The EC has been a spectacularly successful experiment in western European integration, with its legal framework and detail being ‘in a permanent state of evolution’.4 Granted there is always room for improvement. The principal policy areas of free movement of goods, persons, services and capital, have led – with the lowering of the borders between the member states, both through core EC policy provisions, and their subsequent acceleration by the adoption of the Schengen acquis5 – to the free movement of criminals, and criminal assets, both of which the EC member states have attempted to grapple with.

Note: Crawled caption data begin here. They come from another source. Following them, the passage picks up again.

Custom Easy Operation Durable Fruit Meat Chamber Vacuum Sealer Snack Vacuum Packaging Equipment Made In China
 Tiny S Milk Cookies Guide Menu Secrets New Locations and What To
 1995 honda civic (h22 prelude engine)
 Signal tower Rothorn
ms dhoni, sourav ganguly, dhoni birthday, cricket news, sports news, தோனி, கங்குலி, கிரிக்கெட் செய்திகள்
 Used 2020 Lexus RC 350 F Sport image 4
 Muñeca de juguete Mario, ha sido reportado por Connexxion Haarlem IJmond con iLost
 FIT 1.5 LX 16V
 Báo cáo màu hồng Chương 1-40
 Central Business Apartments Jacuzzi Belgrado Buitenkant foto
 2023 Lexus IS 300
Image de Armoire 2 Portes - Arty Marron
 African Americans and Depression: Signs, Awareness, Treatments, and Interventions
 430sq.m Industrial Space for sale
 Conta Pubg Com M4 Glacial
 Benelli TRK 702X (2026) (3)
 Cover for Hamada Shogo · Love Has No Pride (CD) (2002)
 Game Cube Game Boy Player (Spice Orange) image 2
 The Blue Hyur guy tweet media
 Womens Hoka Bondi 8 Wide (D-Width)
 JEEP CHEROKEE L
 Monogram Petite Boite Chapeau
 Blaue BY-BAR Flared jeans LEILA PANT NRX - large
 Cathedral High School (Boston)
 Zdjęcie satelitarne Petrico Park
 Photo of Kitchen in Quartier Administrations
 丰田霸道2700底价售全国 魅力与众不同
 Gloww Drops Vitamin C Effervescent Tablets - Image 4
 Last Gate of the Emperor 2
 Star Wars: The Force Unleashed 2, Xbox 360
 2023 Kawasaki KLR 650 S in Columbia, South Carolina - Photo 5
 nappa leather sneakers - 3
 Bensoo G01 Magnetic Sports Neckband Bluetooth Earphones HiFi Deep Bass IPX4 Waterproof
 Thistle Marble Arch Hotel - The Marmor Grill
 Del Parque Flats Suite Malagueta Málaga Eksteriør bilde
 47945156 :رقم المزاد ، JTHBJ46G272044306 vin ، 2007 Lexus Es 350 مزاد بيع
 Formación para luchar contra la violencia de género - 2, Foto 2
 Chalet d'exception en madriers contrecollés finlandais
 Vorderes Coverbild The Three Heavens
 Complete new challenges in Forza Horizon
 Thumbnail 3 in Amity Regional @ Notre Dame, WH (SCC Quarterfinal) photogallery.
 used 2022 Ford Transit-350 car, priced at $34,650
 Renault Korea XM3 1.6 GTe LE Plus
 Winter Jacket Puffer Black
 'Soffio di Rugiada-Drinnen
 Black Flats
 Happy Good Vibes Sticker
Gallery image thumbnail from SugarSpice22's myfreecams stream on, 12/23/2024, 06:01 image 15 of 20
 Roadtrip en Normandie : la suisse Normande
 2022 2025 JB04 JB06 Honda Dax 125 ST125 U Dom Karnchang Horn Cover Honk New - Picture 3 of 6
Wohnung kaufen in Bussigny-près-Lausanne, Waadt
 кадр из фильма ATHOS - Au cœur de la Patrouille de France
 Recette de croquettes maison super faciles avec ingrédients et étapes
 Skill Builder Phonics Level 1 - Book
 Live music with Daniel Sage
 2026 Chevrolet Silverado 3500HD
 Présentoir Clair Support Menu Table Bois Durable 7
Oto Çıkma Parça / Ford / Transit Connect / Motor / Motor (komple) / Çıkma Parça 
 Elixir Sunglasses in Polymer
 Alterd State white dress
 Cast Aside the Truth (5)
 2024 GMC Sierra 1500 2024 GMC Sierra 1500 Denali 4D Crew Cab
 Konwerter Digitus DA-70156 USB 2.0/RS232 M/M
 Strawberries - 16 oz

The integration of policing and criminal justice provisions into the inter-state relationships was written into the legal framework by the Maastricht Treaty6 in 1992. With the ‘European’ experiment increasingly affecting core ‘nationality’ or ‘sovereignty’ provisions of its member states, there was national political reluctance to the increased ‘pooling of sovereignty’ at a supranational level, within the European Union (EU) structure, with its established democracy and human rights deficits. The construction of the area of ‘Freedom, Security and Justice’, has to steer itself around valid domestic political concerns. This is nothing new for the EU, with Dagtoglou, in 1983 stating, with regard to the then developmental stage of the EC, that the determination of the EC commercially focused relationships concerned ‘not only law, but above all politics’.7 Writing in the context of criminal or ‘low’ policing,8 Shearing has written about the ‘the complex relationships that are emerging between state, supra-state and non-state entities’.9 As the political realities within which we all operate change, with an increasing focus on cross-border legitimate and illegitimate activity, new structures and institutions need to be created not only for commercial activity, but also for countering criminal activity. As Hough has observed in the context of UK ‘low’ policing, the ‘institutions of the criminal justice system evolved in Victorian times into a shape that is still recognizable today’.10 These institutions need modification and further developments are required, in order to adequately address current realities.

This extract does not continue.